How can you tell whether a falafel recipe is a good one? Two clues: 1) It begins by having you soak dried chickpeas; 2) It ends by having you dunk the falafel in hot oil, for honest-to-goodness frying.

We can look at this another way, from the negative side: Any recipe that calls for canned or even home-cooked beans should be tossed aside, because that will result in a mushy thing that’s about as far from falafel as, well, a bean dip is from a burger. And as much as the health-conscious might be tempted to bake rather than fry this Middle Eastern street food staple, that’s not a good way to go, either. No oven can give falafel the crisp exterior and fluffy interior that a bubbling pot of oil can. Besides, when the oil is maintained at the proper temperature and the falafel are properly drained, a whole serving – four to five balls – will absorb a mere teaspoon of it. Trust me, I measured.

There are some other tricks: For the best texture, the chickpea dough shouldn’t be too smooth, and it needs enough aromatic ingredients (parsley and garlic are standard) to give it a deep but still refreshing flavor. And, like it or not, falafel should be eaten as soon after frying as possible; that’s when they’re still a little moist inside.

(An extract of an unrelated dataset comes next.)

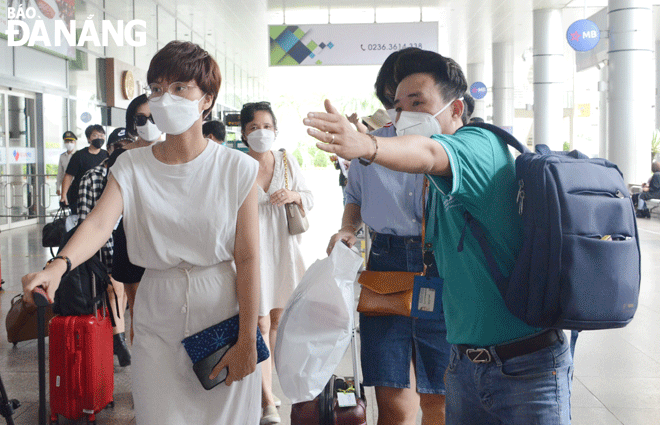 Da Nang’s tourism industry will improve its indicators to attract more visitors in the coming time. A tour guide (right) picks up and instruct his guests in groups at the Da Nang airport. Photo: NHAT HA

I’m open to variations. Although chickpeas are the traditional legume of choice for falafel (and they’re my favorite), I’ve occasionally appreciated alternatives, particularly black beans.

More often, I play with the wrappers, the flavorings, even the shape and size of the falafel themselves. Given how disappointing most veggie burgers are, I like to make a falafel patty the size of a burger and put that between two buns. Pita is the traditional wrapper, tahini sauce the usual condiment, and a variety of pickled and roasted vegetables the normal accompaniments. But I’ve wrapped plenty of falafel in corn or flour tortillas along with toppings I otherwise reserve for tacos: salsa, avocado, queso fresco.

I hadn’t, until recently, taken an Asian turn. But when I saw a recipe that uses ginger and soy sauce in the falafel and wasabi in a cream, I couldn’t start soaking those chickpeas quickly enough. The recipe is in Bruce Weinstein and Mark Scarbrough’s new “Vegetarian Dinner Parties,” and they suggest it as the culminating savory course in a multi-dish affair, calling for the falafel to be served on plates with a little of the cream – and no bread in sight. I was looking for an all-inclusive weeknight supper, so I racked my brain trying to figure out what wrapping would best suit these flavors.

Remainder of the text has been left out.